Defendant Collins is a musician known as Bootsy or Bootsy Collins. Prior to 1976, he played bass guitar with a number of popular bands, including James Brown and Parliament. In 1975-76, he decided, in consultation with George Clinton, producer of Parliament, that it was time for him to start his own band. Collins made a number of tapes which came to the attention of Robert Krasnow, a Warner executive responsible for hiring new talent, who signed him for Warner. After considering other names, Collins, accepting Clinton’s suggestion, called his group Bootsy’s Rubber Band and his first album “Stretchin Out in Bootsy’s Rubber Band”. Warner Bros, began a
promotional campaign for “Bootsy’s Rubber Band” with the release of this album in March 1976.
In June 1976 plaintiff came across the defendants’ album in a Woolco store in Alabama.
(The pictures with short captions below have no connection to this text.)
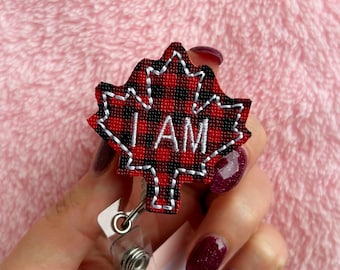 Buffalo Plaid Maple Leaf Badge Reel | Interchangeable Velcro Topper | Canadian Pride ID Holder | Nurses Week 2026 Gift Idea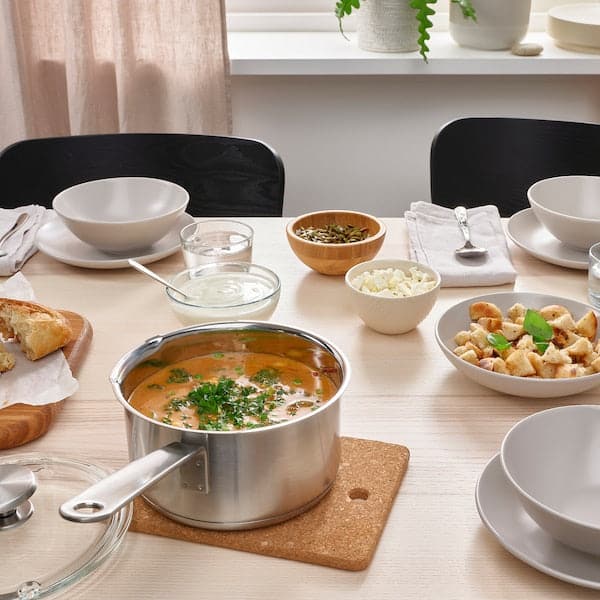 HEMKOMST - Saucepan with lid, stainless steel/glass, 2 l - best price from Maltashopper.com 40513159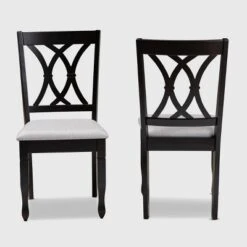 2pc Reneau Upholstered Wood Dining Chair Set - Baxton Studio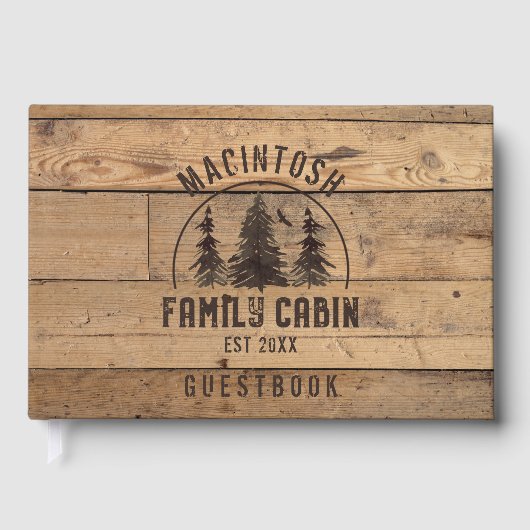 Family Cabin Rustic Wood - Aangepast Gastenboek (Voorkant)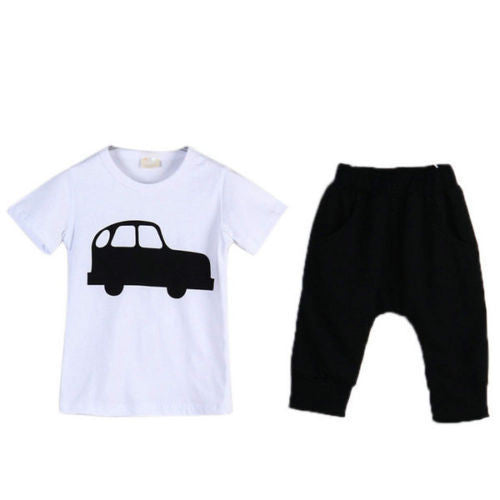 2pcs Kids Baby Boy Infant Car Print T-shirt TopShort Pants Outfit Set Clothes 2-7T UBY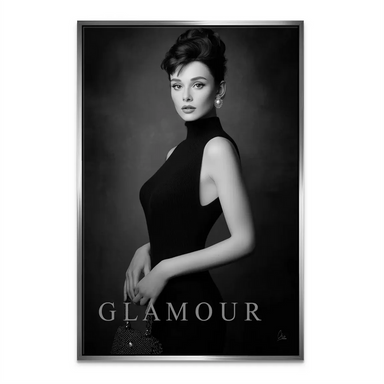 Glamour-themed photography artwork with bold typography GLAMOUR appearing in the image.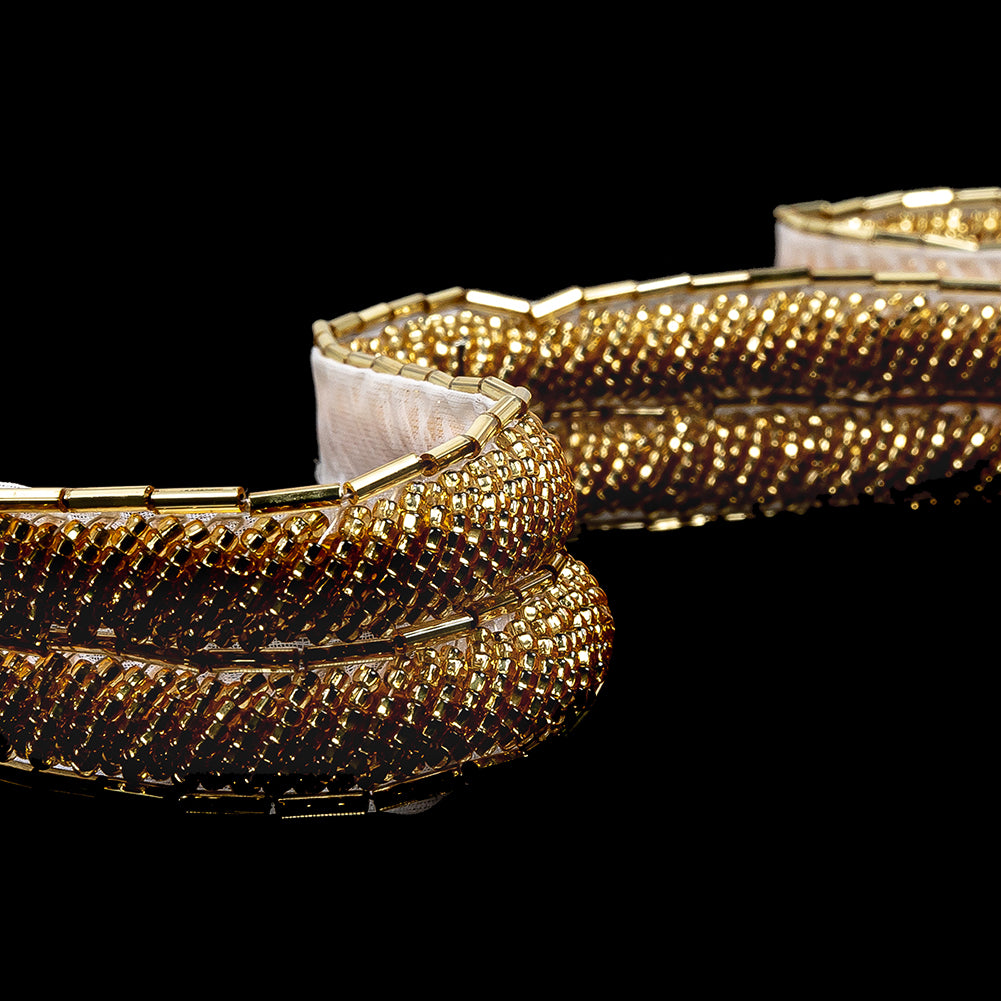 Vintage Fancy Gold Coast and Fort Knox Bugle Beaded Trim - 1"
Within a few days plaintiff’s attorney wrote to Warner demanding that the defendants cease using the “Rubber Band” name as it infringed on the plaintiff’s registered mark.
Although a series of letters were exchanged between the plaintiff or his lawyer and Warner discussing the possibility of settlement, the parties were never close. The first “Bootsy’s Rubber Band” album became increasingly successful through the summer of 1976, and as Krasnow testified, Warner Bros, responded with more promotion.
In the Spring of 1977, a second “Bootsy’s Rubber Band” album was released. Plaintiff then brought this action. Two more albums have followed.
The plaintiff claims that the defendants’ use of “Rubber Band” in connection with Collins’ concerts and recordings creates a likelihood of confusion regarding the source of the musical services offered by the parties.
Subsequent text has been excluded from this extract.